## What this task involves:
In your copy of the records, include every word exactly and no pictures.

=-=-=

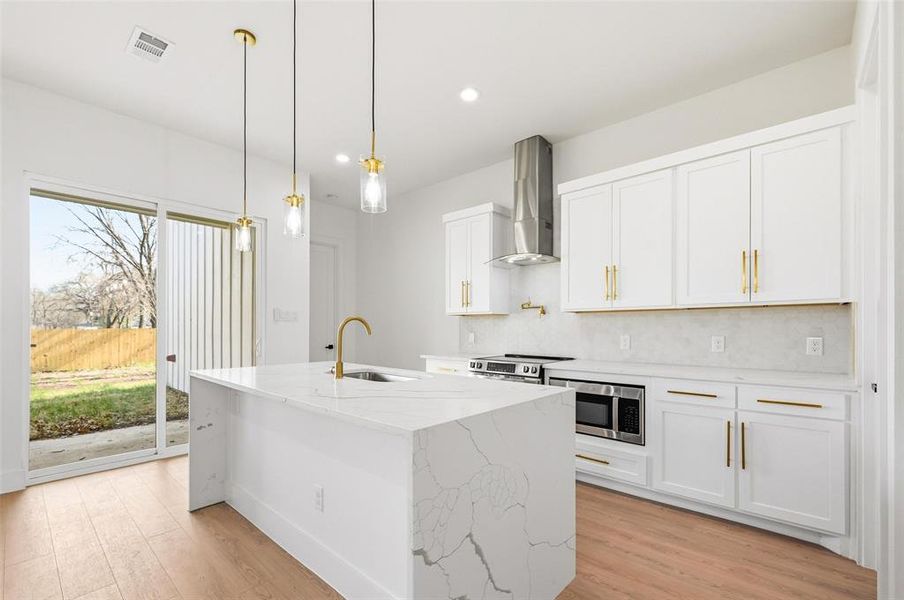 Furnished interior view inside a new home in , Dallas (Image 5).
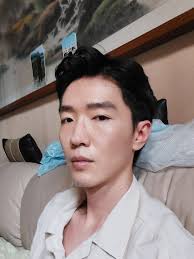 Not sure if this is AI or not, but if real, thats a cool color.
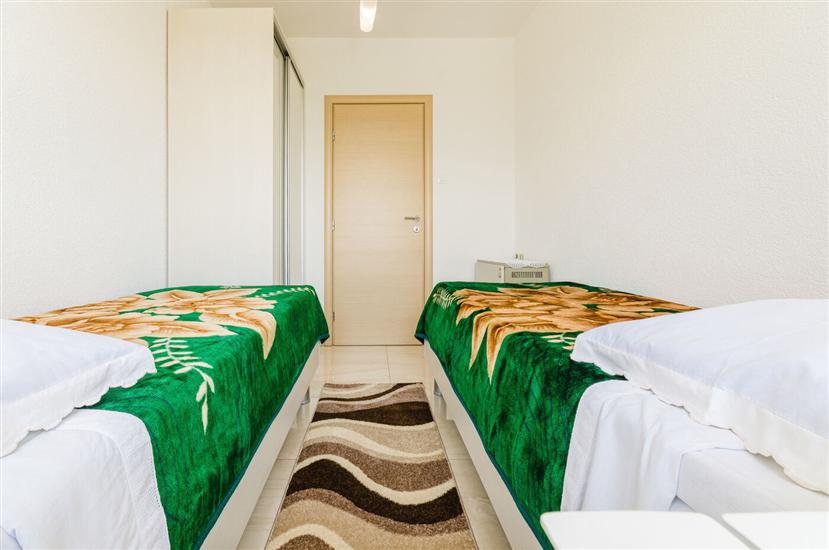 Ferienwohnung A1, für 8 Personen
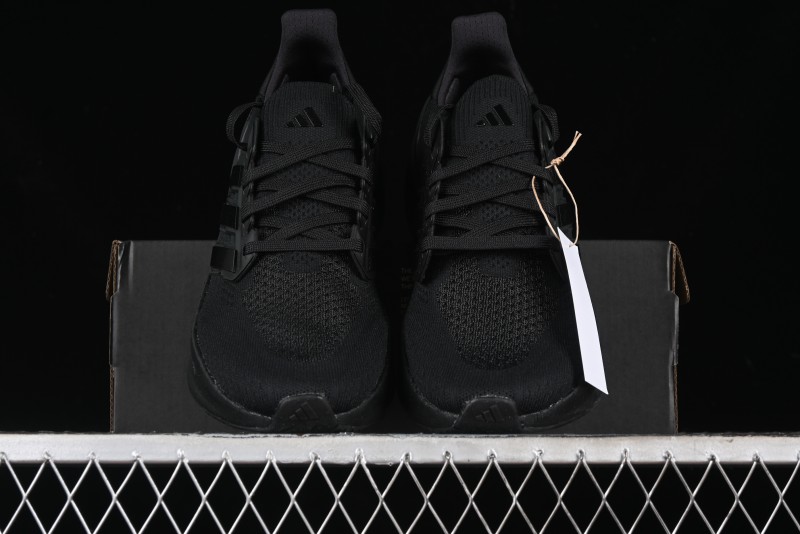 Adidas Ultraboost 5 ID8812 Running Shoes with Boost Cushioning - ID8812
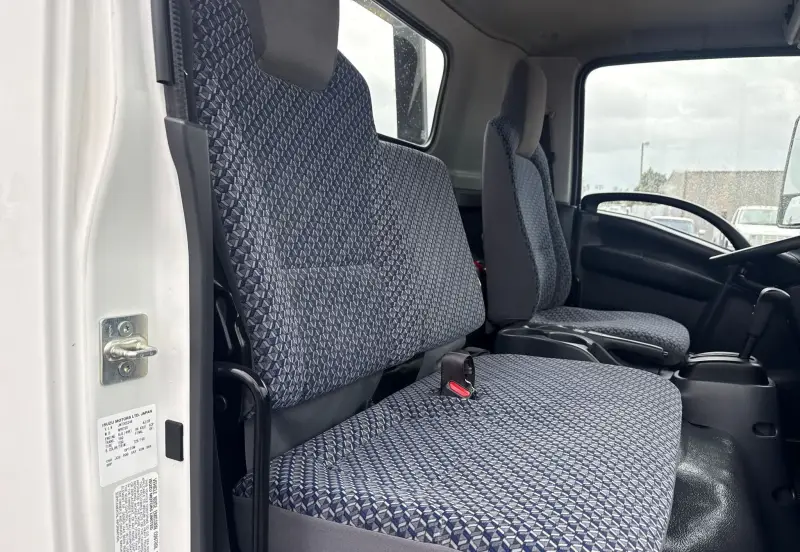 2022 Isuzu NRR photo 46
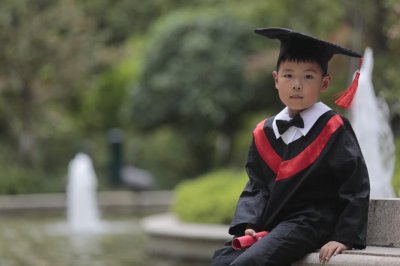 ​一组幼儿园毕业照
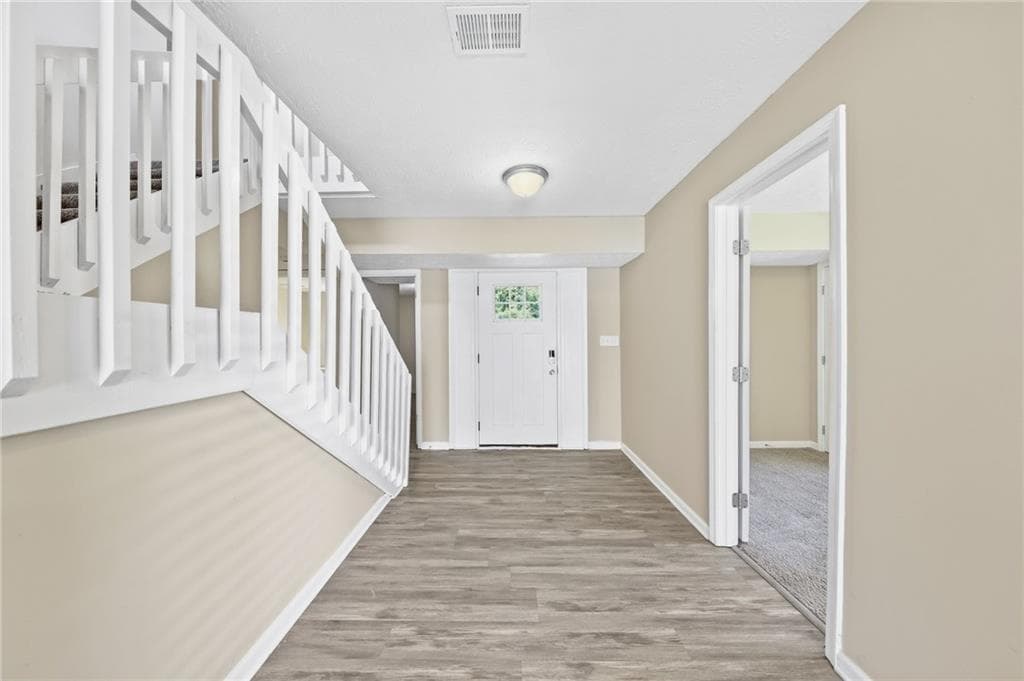 4 bedroom, 3 bathroom, 3,083 sq ft single family residence for sale at 5006 Stoney Point Circle, Stone Mountain, GA 30088 — photo 3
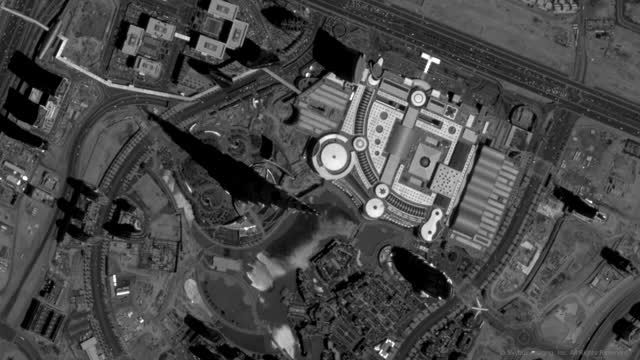 برخ خلیفه دبی از دید ماهواره در ۹ آوریل ۲۰۱۴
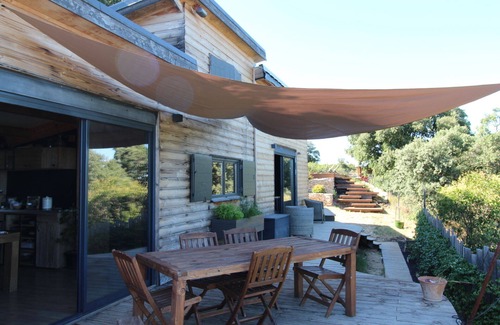 Lirac Maison | Maison en bois, en campagne avec piscine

=-=-=

## Completed exercise:
 Furnished interior view inside a new home in , Dallas (Image 5).
 Not sure if this is AI or not, but if real, thats a cool color.
 Ferienwohnung A1, für 8 Personen
 Adidas Ultraboost 5 ID8812 Running Shoes with Boost Cushioning - ID8812
 2022 Isuzu NRR photo 46
 ​一组幼儿园毕业照
 4 bedroom, 3 bathroom, 3,083 sq ft single family residence for sale at 5006 Stoney Point Circle, Stone Mountain, GA 30088 — photo 3
 برخ خلیفه دبی از دید ماهواره در ۹ آوریل ۲۰۱۴
 Lirac Maison | Maison en bois, en campagne avec piscine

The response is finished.